ことの発端は、今朝のプリキュアを見ていた時、そういえばプリキュアとドラキュラって言葉の響きが似てるなぁって思ったことでした。
で、吸血鬼プリキュアってのも面白そうだなと思い、ツイッターでツイートしたところ、思いのほか賛同者が多かったので、これは書いてみようかなと。

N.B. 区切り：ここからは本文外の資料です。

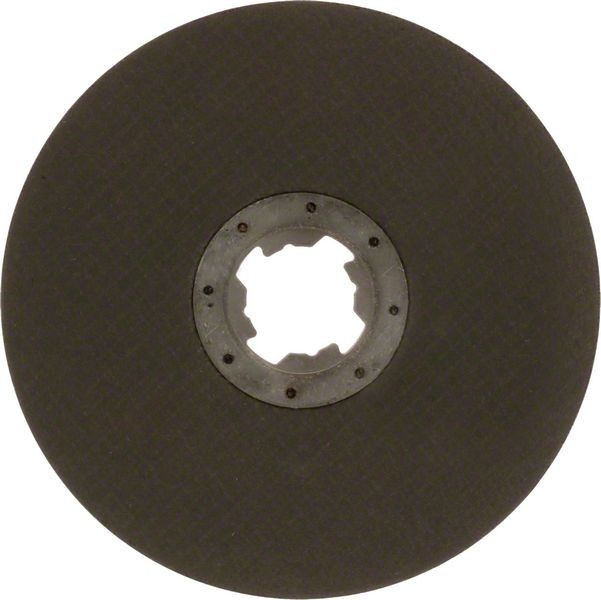 Trennscheibe X-Lock 2608619782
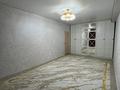 1-бөлмелі пәтер · 49 м² · 1/9 қабат, мкр Береке 27, бағасы: 18 млн ₸ в Атырау — фото 7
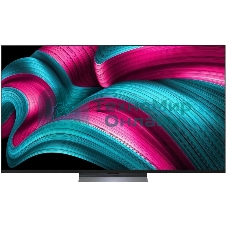 Телевизор LG 55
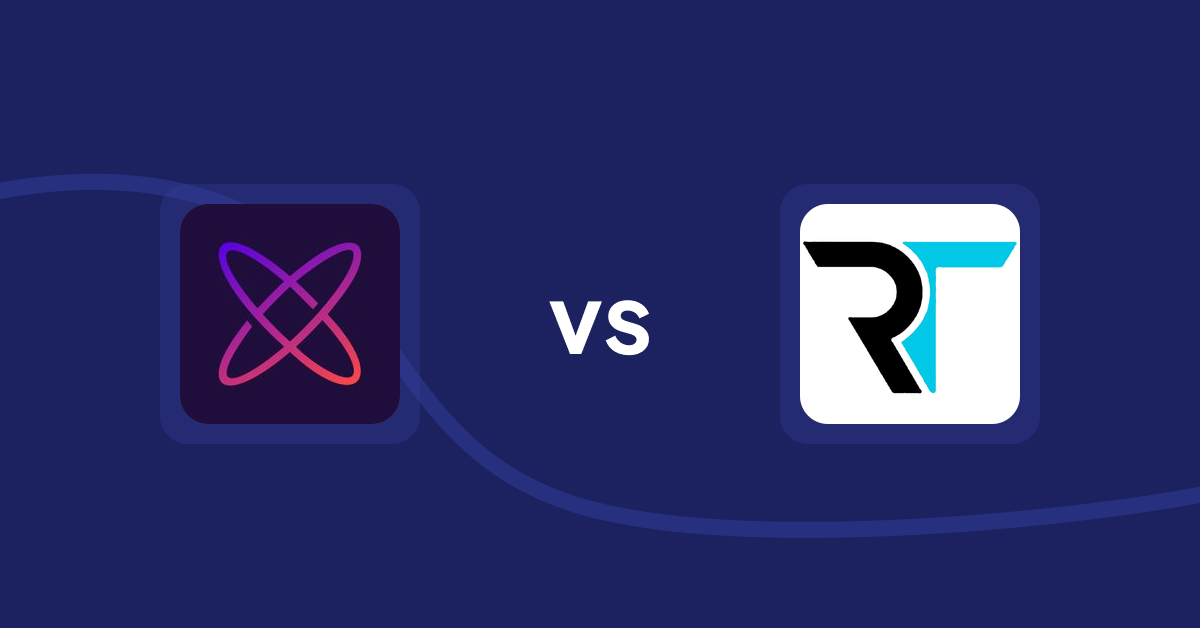 Shopify Product Display Apps: Meteor Mega Menu & Navigation vs Cost Per Item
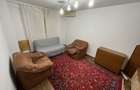 Apartament cu 2 camere decomandat în Arcul de Triumf - 12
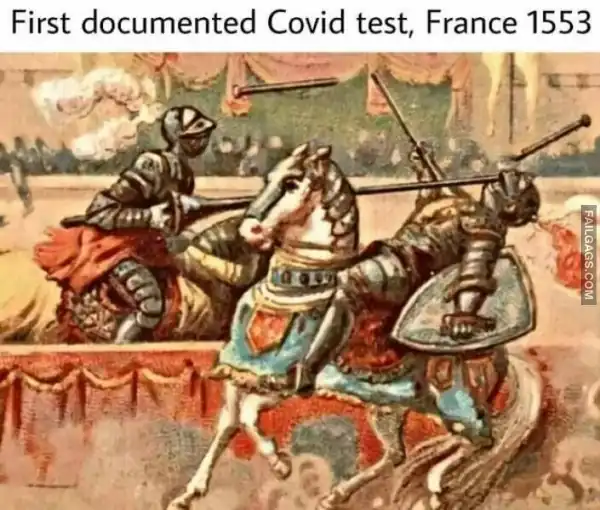 Funny Memes 6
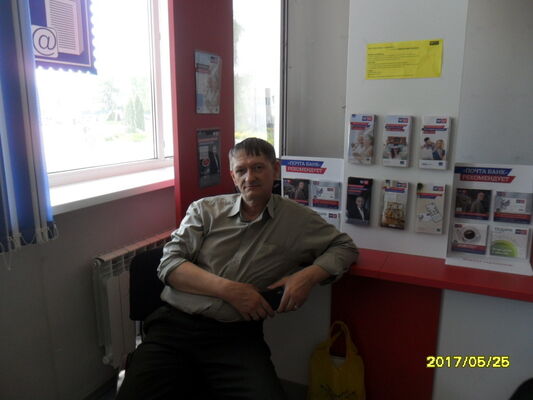  ,   , 62 ,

ドラキュラ様を不思議な生き物代わりにしちゃいましたが、楽しんでいただけましたら幸いです。
吸血鬼プリキュラ!
「はわわー! 遅刻しちゃうー!」
まだセットも途中といった感じで髪を振り乱しながら走る少女。
もうすぐ朝礼が始まってしまう。
髪の毛などにかまっている暇はないのだ。
「もう! お母さんったら起こすのが遅いんだもん!」
少女は母親に文句を言うが、実のところはお門違いである。
彼女の母親は、今朝も数度にわたって彼女を起こしていたからだ。
つまり起きられなかった彼女の自業自得なのだが、彼女自身はそれを認めたくはない。
母親が起こしてくれなかったのが悪いのである。
「もう・・・どうして朝が来ちゃうのよー! ずっと夜だったらいいのにぃ! 私、夜だったらいくらでも起きていられるんだから!」
息を切らせながらも通学路を走り続ける少女。
その姿を上空から見ている姿があった。
「うむ、そなたのような夜に強い者こそ余が求めていた少女だドラ」
突然少女の横に奇妙なものが現れる。
「えっ? 何?」
それは黒いもこもこした丸い毛玉のようなもので、両側にはコウモリの羽のようなものが生えており、ぴょこぴょこと動いている。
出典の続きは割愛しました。